==== DATA SEGMENT ====
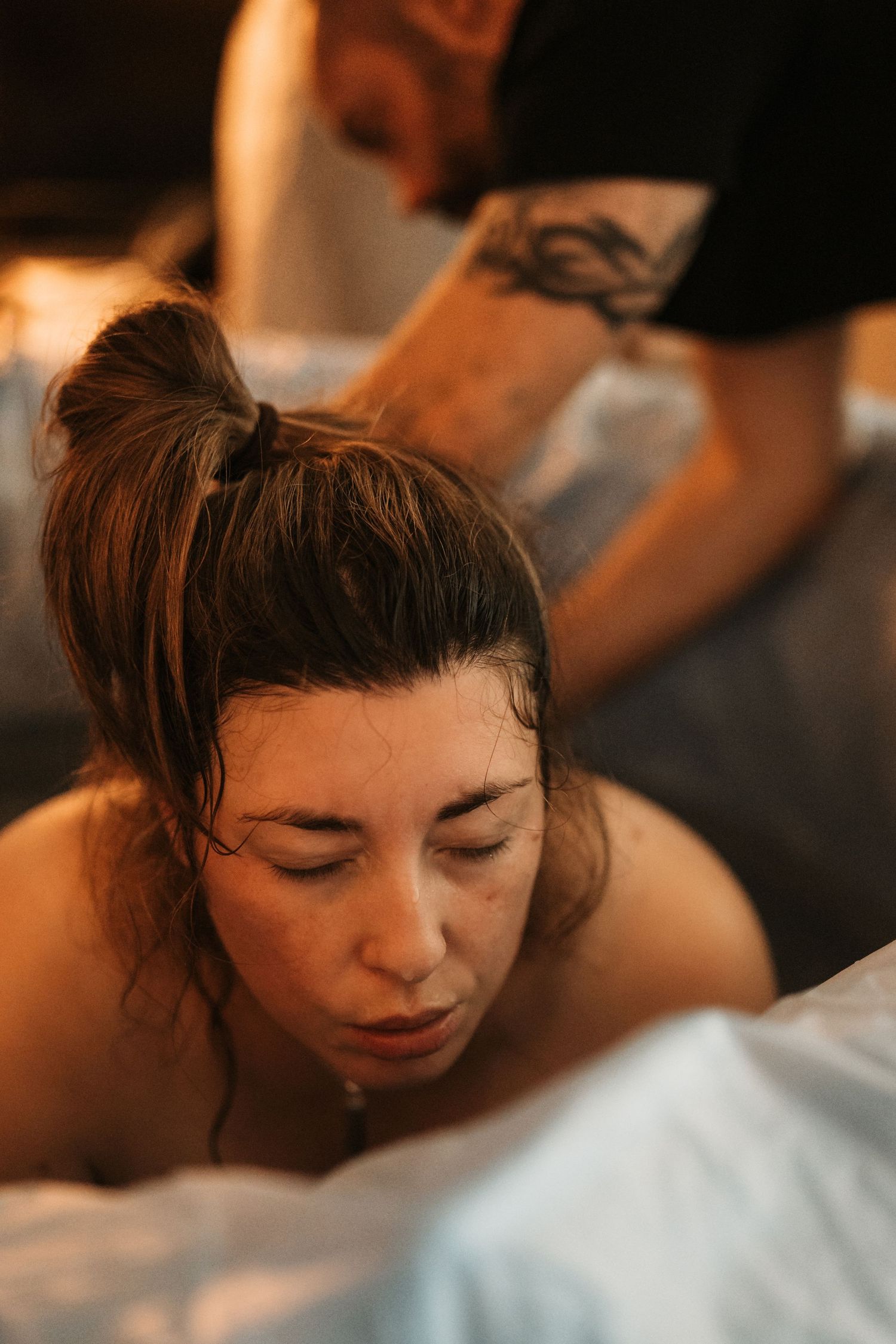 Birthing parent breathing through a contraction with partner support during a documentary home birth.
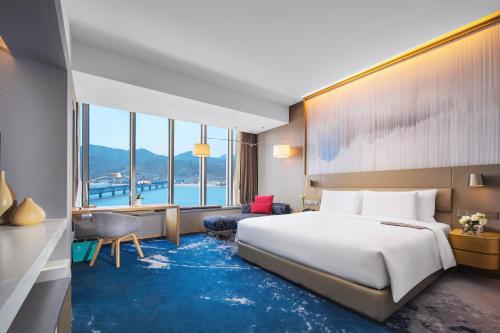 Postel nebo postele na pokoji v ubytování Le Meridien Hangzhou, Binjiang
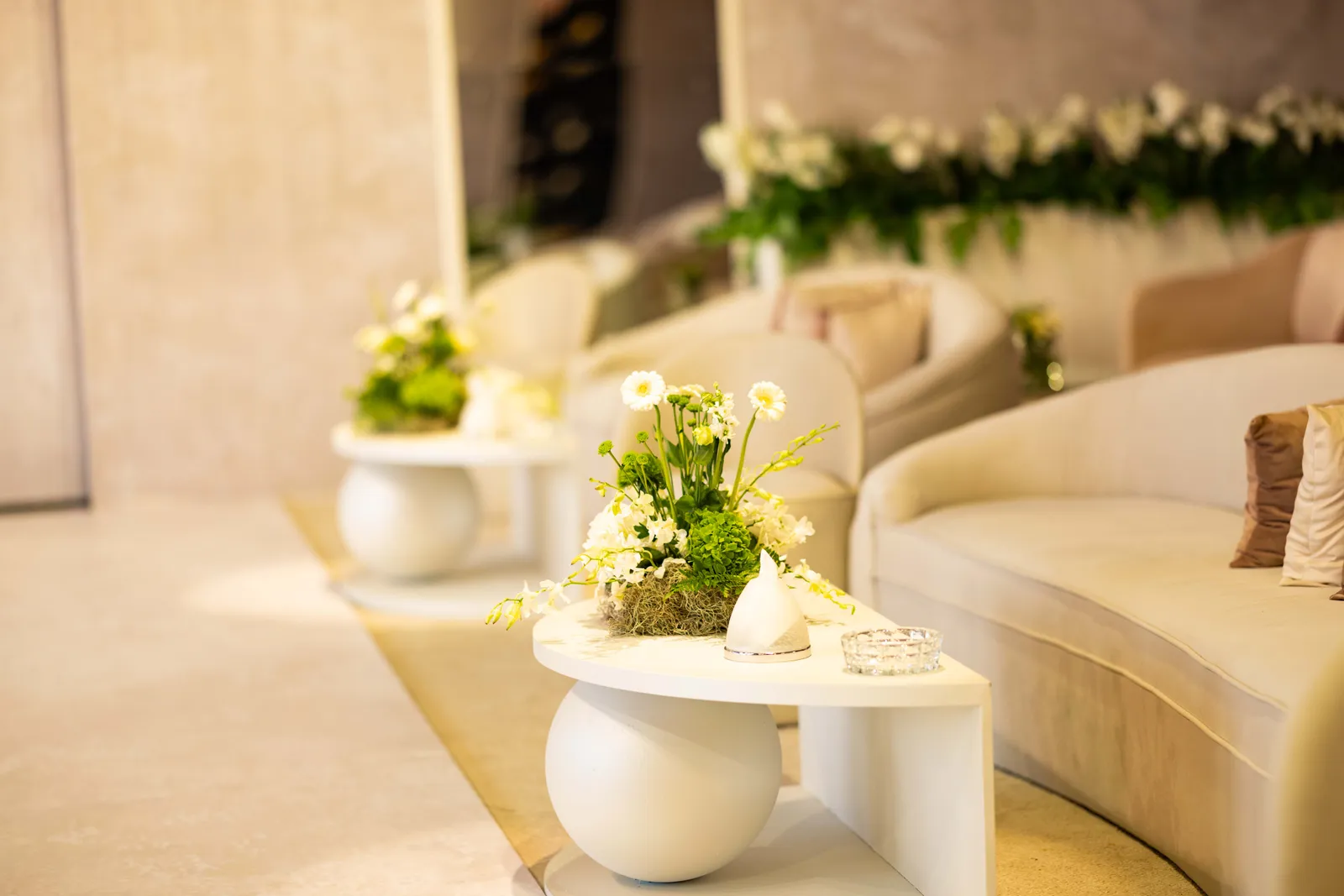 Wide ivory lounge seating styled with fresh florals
====
WORK REQUEST
To complete this exercise, repeat exactly the lines above from the one holding "Postel nebo postele" to the end of the listing, both included, and leave the pictures out.

YOUR RESPONSE
 Postel nebo postele na pokoji v ubytování Le Meridien Hangzhou, Binjiang
 Wide ivory lounge seating styled with fresh florals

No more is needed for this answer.